しずみんの まう・まかん
お題:おいしい豆乳!


水底 沈



●またまめで恐縮ですが
この時期になると豆のことばかり考えている。先日同居人とデパートのバレンタイン特設コーナーを通り過ぎたときに、ふと「ああ、そういえば節分だよねえ」とつぶやいたらずいぶん笑われた。いいじゃないか。二月は節分なのだ。
何しろ豆が好きだ。炒り豆、煮豆、卯の花、呉汁。豆腐に油揚げに厚揚げ、がんもなどもすべからく好きだ。
炒り豆は、生大豆をフライパンでじっくり煎ってつくる。アゴが強くないとかみ砕けない、硬派なスナックだ。もう少し軟派な炒り豆にしたければ、ひと晩水にひたしておいた大豆を電子レンジでじっくり加熱する。少し内部がスカスカになった、市販のものに近い炒り豆ができる。
ここのところ凝っているのは豆乳料理である。豆乳を使って、豆腐はもちろんのこと、鍋物を仕立てて楽しんだりしている。以前居酒屋で似たようなメニューが出たので家で試しに真似してみたところ、愕然とするほどうまかったのだ。

●乳でなく、豆。
実は私は市販の豆乳はあまり好きではなかった。
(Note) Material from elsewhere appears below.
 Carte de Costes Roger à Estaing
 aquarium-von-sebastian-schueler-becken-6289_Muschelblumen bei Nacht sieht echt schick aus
「調整豆乳」として売られている、一時期むやみにはやったアレである。
ことに、いちご味や抹茶味などがつけてある嗜好飲料としての豆乳が口に合わない。なんだか上アゴにいやな香りが残って、おいしくいただけない。
ところが、先日鍋にしてみた豆乳の汁はなぜだかずいぶんうまいのだ。しいたけと昆布と鶏のだしで割った豆乳に、かつおだしの醤油が加わる。すりおろしたしょうがを薬味に添える。
見た目はいかにもクリームシチュー然としているが、なるほどつまりそれは「液体豆腐」なのであった。豆腐をうまく食べる方法で、豆乳はうまくなるのだ。ヤツはやっぱり、豆腐なのである。
「豆乳」の「乳」の部分をとって牛乳の代わりにしようとするから、甘くしたりいちごやコーヒーなどの香りをつけて「乳飲料」として売ろうとする。しかし、考えてもみたまえ。砂糖といちご粉末をふりかけた豆腐。むーん。昨今の和風デザート流行りではおいしくいただくお嬢さんもいるのかもわからないが、そういうものはできるだけアイスクリームやムースやケーキにふりかけていただきたい。
やはり、「豆乳」は「豆」の部分を取って、大豆としてうまく食べる方法を模索していきたい。
あれは、乳だが豆なのだ。やはり、ストロベリーとかコーヒーとかチョコレートより、ショーユやミソやネギ、ショーガを添わせていただきたい所存である。

●しぼりたて、豆の乳。
ちなみに、珍しく数字的なことを出してみると、市販の豆乳は下記の三種に分類されている。
 無調整豆乳(大豆固形成分 8%以上)
 調整豆乳 (大豆固形成分 6%以上)
 豆乳飲料 (大豆固形成分 果汁入り2%
       、その他4%以上)
この中で、かろうじて豆腐になれるのは「無調整豆乳」だけ。果汁はできれば勘弁してもらいたい。豆なんだってばよ。
最近は、「粉末豆乳」なんてのもある。試してみたが、少し粉っぽいようである。いざという時には助かるかもしれないが、豆腐にはならない。
やはり、一番うまいのは自宅で大豆を水に浸け、ひきつぶして煮て、絞ったばかりの絞り立て生豆乳であろう。
さらしでぎゅっとしぼってボウルに受けたばかりの豆乳は、ほかほかと盛大に湯気を上げ、甘くてほっとする優しい飲み物だ。
牛のお乳も豆のお乳も、絞り立てがいちばんうまいのが道理である。市販の無調整豆乳もなかなか便利だが、たまには絞りたての豆乳も味わってほしい。自宅で牛の乳をしぼるより、ずいぶん簡単なはずだ。